Today, the focus for euro traders will yet again be on the bond market with Spanish and German inflation data released ahead of French and eurozone composite figures tomorrow. Thus far, the news has been supportive of a September hike from the ECB, with Germany’s most populous region exhibiting a significant uptick in the pace of sequential inflation, from 0.2% to 0.5% MoM, while Spanish inflation also rose, with the headline measure increasing 0.3pp to 2.6% YoY. In Spain, this equated to a 0.5% MoM increase in prices in August, up from 0.2% in July, marginally more than expected. However, much of this came as the result of rising wholesale energy prices. Nevertheless, a similar pattern was true in the core year-on-year number, where a 6.1% increase in costs was also fractionally above pre-release consensus. While on the surface this doesn’t bode well for those in the ECB’s Governing Council looking to hold the deposit rate at the September meeting, it is worth noting that the 3-month average pace of core inflation in Spain is tracking at a 2% annualised rate. With the German national figure not released until 13:00 BST, and the core number needing to be backed out manually by analysts, it is likely that the rally in eurozone bond yields persists throughout the morning session. Should the German figure corroborate the early signs that eurozone inflation hasn’t wholeheartedly turned a corner, we will likely update our call for one further hike in September.
GBP
Despite BRC shop price data out yesterday morning pointing to continued falls in UK inflation, it was ultimately US JOLTS data that really moved the needle for sterling in yesterday’s session.
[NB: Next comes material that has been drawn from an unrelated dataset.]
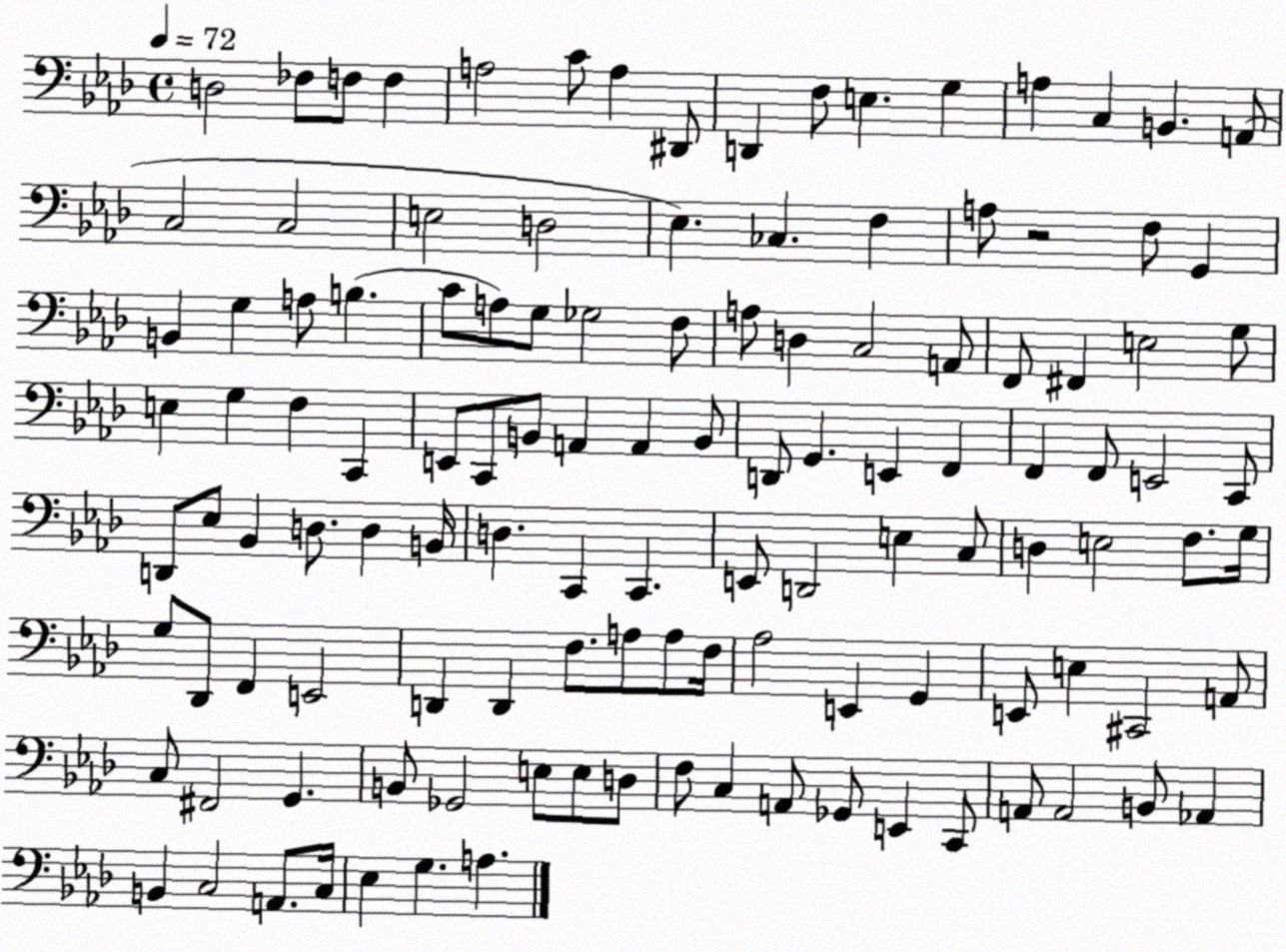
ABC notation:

The weak jobs print saw sterling finish 0.35pp up against the dollar. But the pound also fell two tenths on the euro as the single currency found greater support against the greenback, reversing the trend of recent weeks that has seen sterling of the relative outperformers in the G10 complex on the prospect of American outperformance and higher long term US rates. Today though, the focus for sterling traders is likely to turn to the UK housing market, with two key data points of note hitting the wires. First, data from Zoopla has suggested that the rate of house price sales has hit the slowest since 2012, as higher mortgage costs weigh on buyer demand. On this latter point, UK borrowing data, in particular the number of mortgage approvals in July, is due to be published at 9:30 BST. This is likely to confirm what is seen in the Zoopla data and elsewhere, that housing demand continues to soften. Despite this, with house prices yet to drop off a cliff, this looks like a market seizing up, rather than signalling a property market going into freefall. If realised, this is likely to leave sterling in a holding pattern, with markets still waiting to see the next UK specific driver for the pound.